Abstract
Background: Lung cancer is the most common cause of cancer-related mortality. Smoking cessation is crucial to decrease risk, but additional prevention modalities are needed. The use of nonsteroidal anti-inflammatory drugs (NSAID) may be promising.
Methods: The study was a prospective cohort of 77,125 men and women, ages 50 to 76 years, from Washington state recruited in 2000 to 2002 (the VITamin And Lifestyle study). Lung cancer cases were identified through the Seattle-Puget Sound Surveillance, Epidemiology and End Results cancer registry during 5 years of follow-up. Hazard ratios (HR) associated with 10-year average use of total NSAIDs (excluding low-dose aspirin) and specific categories of NSAIDs were calculated for total incident lung cancer and specific morphologies.
Results: A total of 665 lung cancer cases were identified. After adjusting for smoking, age, gender, and acetaminophen use, there was a borderline-significant inverse trend with total NSAID use [>4.2 d/wk for >10 years versus none: HR, 0.82; 95% confidence interval (95% CI), 0.64-1.04; P for trend = 0.05]. The association was strongest for adenocarcinoma (HR, 0.59; 95% CI, 0.37-0.94; P for trend = 0.01) and seemed to be limited to men (HR, 0.66; 95% CI, 0.47-0.92; P for trend = 0.01) and to long-term (≥10 years) former smokers (HR, 0.65; 95% CI, 0.44-0.96; P for trend = 0.04). There were no appreciable differences by NSAID type.
Conclusions: Total NSAID use was associated with a small reduced risk of lung cancer, which was strongest for adenocarcinoma, men, and long-term former smokers. These findings are supported by known lung carcinogenesis mechanisms and suggest that NSAIDS may be useful for chemoprevention. (Cancer Epidemiol Biomarkers Prev 2009;18(4):1203–7)
Introduction
Lung cancer is the leading cause of cancer-related mortality in the United States (1). Smoking cessation is very important to reduce the risk of developing lung cancer, but absolute risk remains elevated after cessation (2), emphasizing the importance of additional prevention modalities.
The cyclooxygenase 2 (COX-2) pathway is important in the pathogenesis of lung cancer, particularly adenocarcinoma (3-6). Nonsteroidal anti-inflammatory drugs (NSAID) inhibit the COX-2 enzyme and may reduce the incidence of lung cancer through several mechanisms (7-9). A meta-analysis indicated a lower risk of incident lung cancer in NSAID users with a relative risk of 0.79 (95% CI, 0.66-0.95), and dose-response analyses found longer-term use seemed to be more strongly associated with a decreased risk (10).
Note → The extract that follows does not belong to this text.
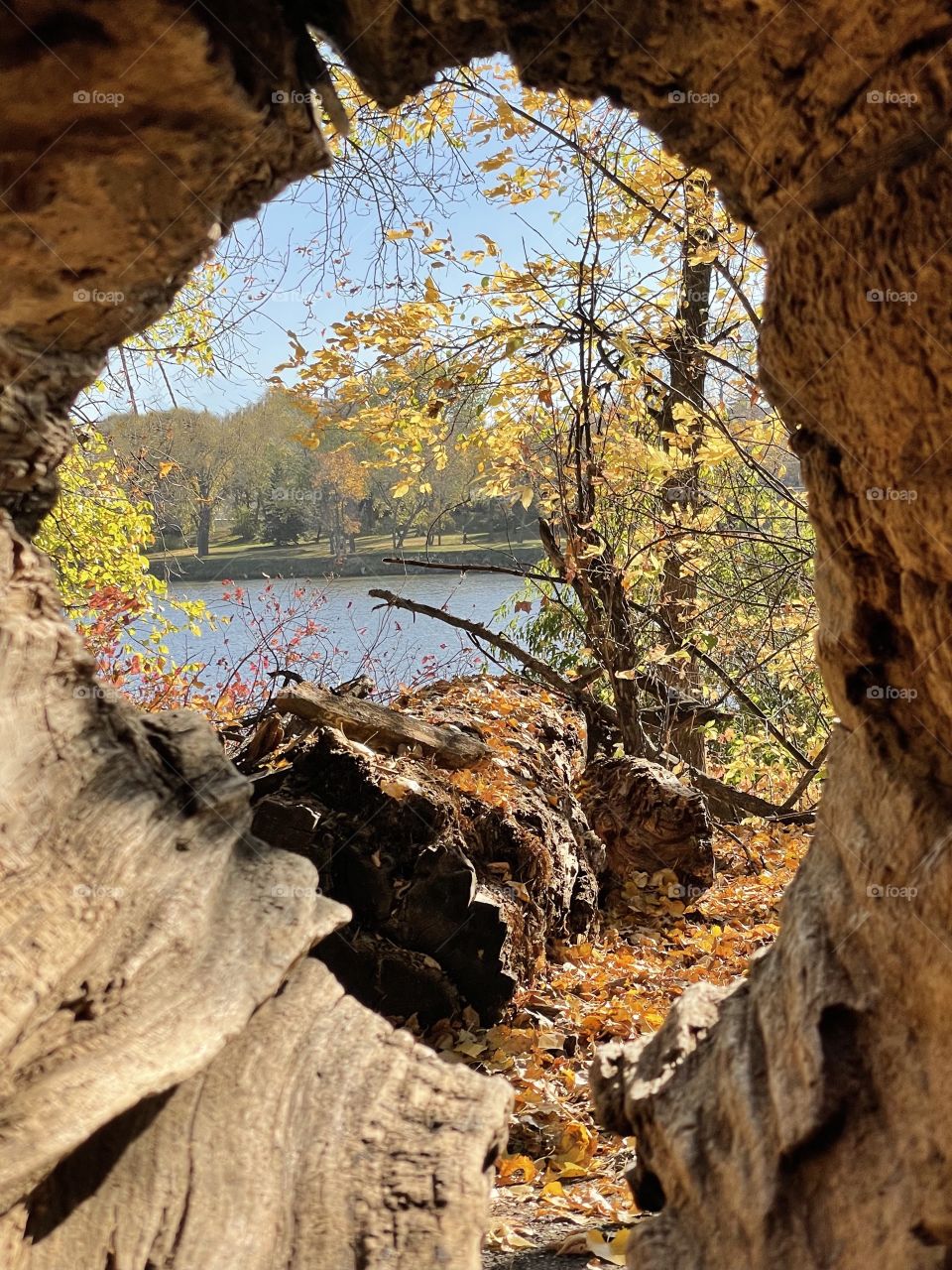 View through a log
We used data from a large prospective cohort, the VITamin And Lifestyle study (11) to evaluate associations of 10-year average use of NSAIDs with incident lung cancer.
Materials and Methods
The methods used in the VITamin And Lifestyle study have been described (11). A total of 77, 719 participants (21.3% of the total number of mailed questionnaires), ages 50 to 76 y, living in western Washington state were followed after baseline questionnaire administration for incident lung cancer occurring from baseline (October 2000-December 2002) through December 31, 2006 by linkage to the Seattle-Puget Sound Surveillance, Epidemiology, and End Results (SEER) registry. The Institutional Review Board of the Fred Hutchinson Cancer Research Center approved the protocol.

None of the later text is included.